3. Démocratie, direct !, 5 mars 2009, 12:49, par P.S.
Dans la primordiale dialectique politique qui se joue entre ces deux protagonistes :"l’individu et le collectif",laCONCESSION par la REPRESENTATION du devoir d’IMPLICATION sans garde fou, renvoie, à la fois :
_pour la philosophie idéaliste,à la prévalence de la lâcheté consubstancielle individuelle
_pour une tounure plus materialiste,à l’historique pesanteur ontologique de la coutumière non implication entretenue par l’aliénation culturelle subie.
_pour le psychologisme, à l’entente cordiale,usant, à différents niveaux de conscience de l’auto aliénation, s’accomodant,des deux thèmes précédent:la lâcheté du désengagement du délégateur, comme le refuge dans l’irresponsabilité personnelle,institutionnalisé par le mandat.
_enfin pour la part pudiquement rarement abordée,tant elle soutient l’instable et précaire édifice ci-dessus décrit,la délégation sied majoritairement au délégataire tant dans sa componsante d’auto validation psychologique que dans la confirmation apportée par la convergence de formes entre celles du siège et le fondement lui même ,toutes choses trés présentes chez le délégateur quand il mesure et choisit le confort attendu dans le conflit entre risque et énergie de l’engagement personnel et lâche CONVERSION mystique et MESSIANIQUE à la chefferie.
La signature du texte :"louvesque" sonnant pour moi comme un qualificatif humble et pudique renforçant du coup son intérêt, convoque, dans son matérialisme"élargi",l’analyse des stuctures organisationnelles de combat syndicales, politiques d’aujourd’hui invitant à developper et dépasser les concepts actuels qui confinent ,dans leur adéquation et complémentarité morpho fonctionnelles ,à "remettre sur leur pieds"les structures pyramidales hierarchisées des systèmes délégataires.
P.S.
4. Démocratie, direct !, 6 mars 2009, 02:33, par Charles Max
ça fait drôlement plaisir de lire un article pareil ! Et ça nous change de l’hypocrisie habituelle des écuries de course à l’échalotte électorale engluées dans leurs lutte des places éligibles !!!

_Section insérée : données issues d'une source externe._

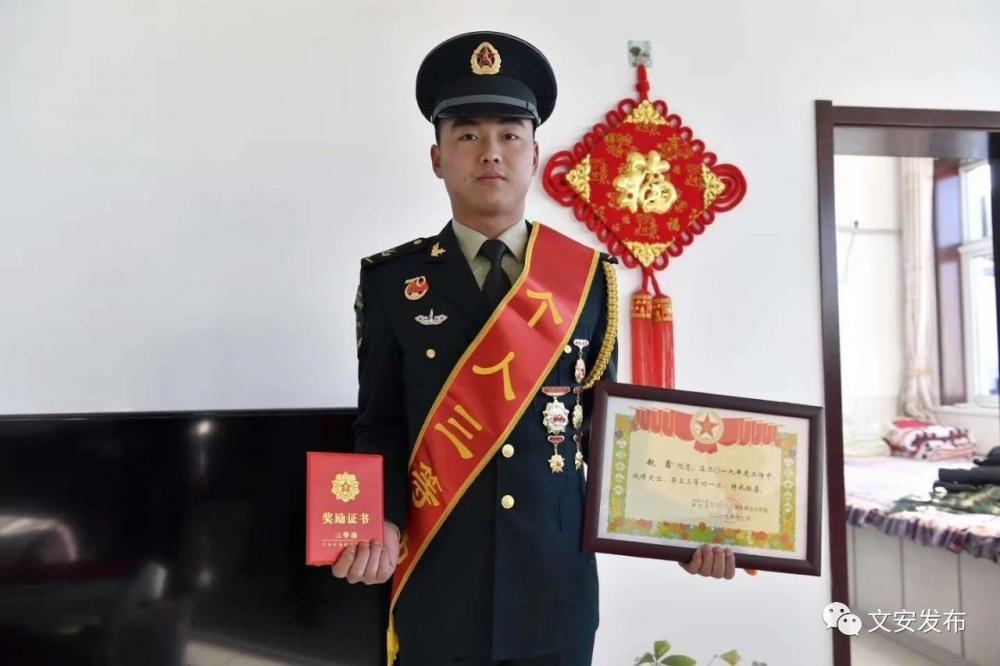 在今年庆祝中华人民共和国成立70周年阅兵任务中,赵鑫作为火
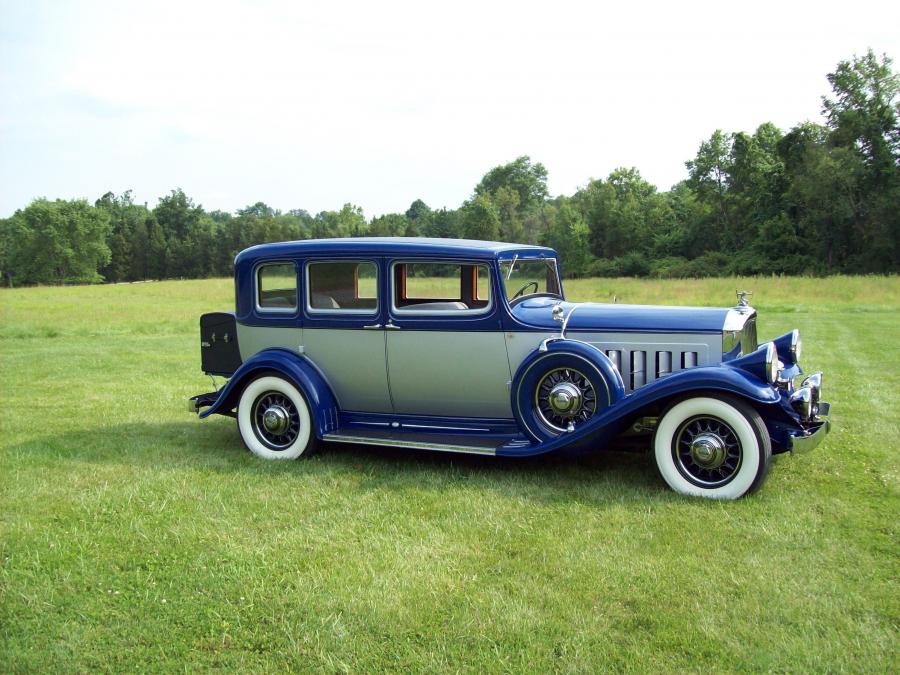  Pierce-Arrow Twelve Touring Sedan 1932 года  (фото 1 из 2)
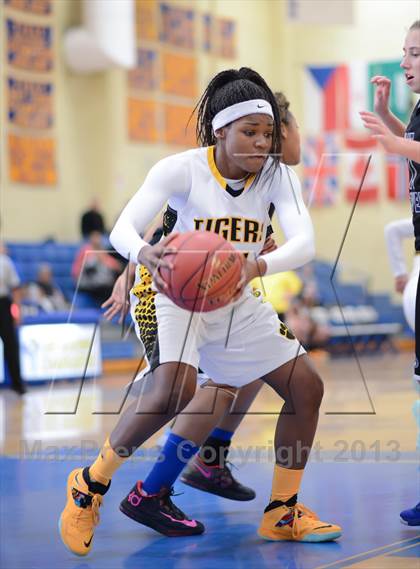Thumbnail 2 in West Craven vs. Chapel Hill (HighSchoolOT.com Holiday Invitational) photogallery.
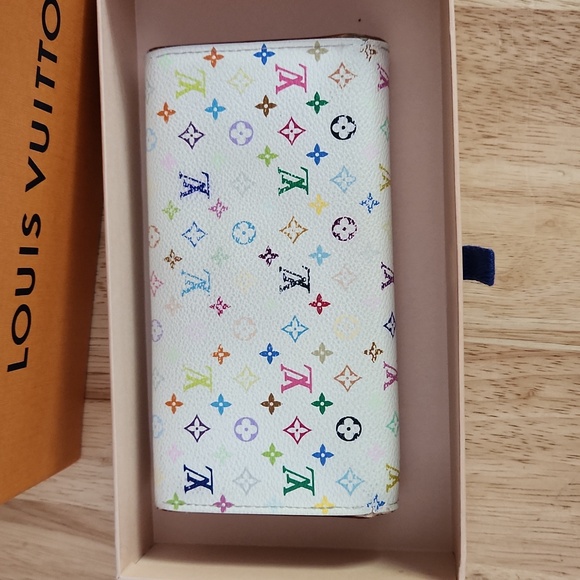 Louis Vuitton Murakami Long Wallet - Picture 3 of 9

Puisque la gauche de gauche n’arrive pas à se rassembler avec les resucées actuelles des vieilles unions négociées au sommet des bureaucraties politiciennes, pourquoi ne pas proposer comme fondation du rassemblement de "la gauche" la démocratie directe ? Au moins, ça permettrait de bien voir où se situe la limite entre la fausse gauche et la vraie !
5. Démocratie, direct !, 7 mars 2009, 03:04, par Dédé Mokrat
Oui : c’est vrai pour les partis, mais aussi pour bon nombre d’organisations syndicales et d’associations. Et aussi pour les unions plus électoralistes : pourquoi les partis de gauche ne proposent que des unions au sommet façon "ralliez mon panache blanc" ?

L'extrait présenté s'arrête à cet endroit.